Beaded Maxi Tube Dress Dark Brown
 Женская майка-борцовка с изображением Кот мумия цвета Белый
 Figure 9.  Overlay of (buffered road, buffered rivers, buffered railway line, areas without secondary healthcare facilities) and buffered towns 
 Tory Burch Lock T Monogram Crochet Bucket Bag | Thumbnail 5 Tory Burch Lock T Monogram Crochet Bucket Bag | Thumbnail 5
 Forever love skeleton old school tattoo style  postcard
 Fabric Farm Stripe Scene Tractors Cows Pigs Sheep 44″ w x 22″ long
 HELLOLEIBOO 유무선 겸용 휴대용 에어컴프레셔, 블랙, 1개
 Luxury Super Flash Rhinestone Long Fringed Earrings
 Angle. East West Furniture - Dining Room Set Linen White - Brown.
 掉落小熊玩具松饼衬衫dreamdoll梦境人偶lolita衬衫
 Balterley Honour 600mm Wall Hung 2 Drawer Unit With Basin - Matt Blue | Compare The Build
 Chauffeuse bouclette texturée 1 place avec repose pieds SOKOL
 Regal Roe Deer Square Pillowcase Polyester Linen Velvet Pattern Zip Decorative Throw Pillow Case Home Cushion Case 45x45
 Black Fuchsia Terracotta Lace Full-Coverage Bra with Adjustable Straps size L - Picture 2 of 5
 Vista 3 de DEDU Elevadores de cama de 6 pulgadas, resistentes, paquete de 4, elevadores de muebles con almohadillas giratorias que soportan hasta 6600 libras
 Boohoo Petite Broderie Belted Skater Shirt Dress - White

Work request — The line with "Vista 3 de DEDU" through the last line of the entries above: output exactly those lines and nothing else.

Expected answer —
 Vista 3 de DEDU Elevadores de cama de 6 pulgadas, resistentes, paquete de 4, elevadores de muebles con almohadillas giratorias que soportan hasta 6600 libras
 Boohoo Petite Broderie Belted Skater Shirt Dress - White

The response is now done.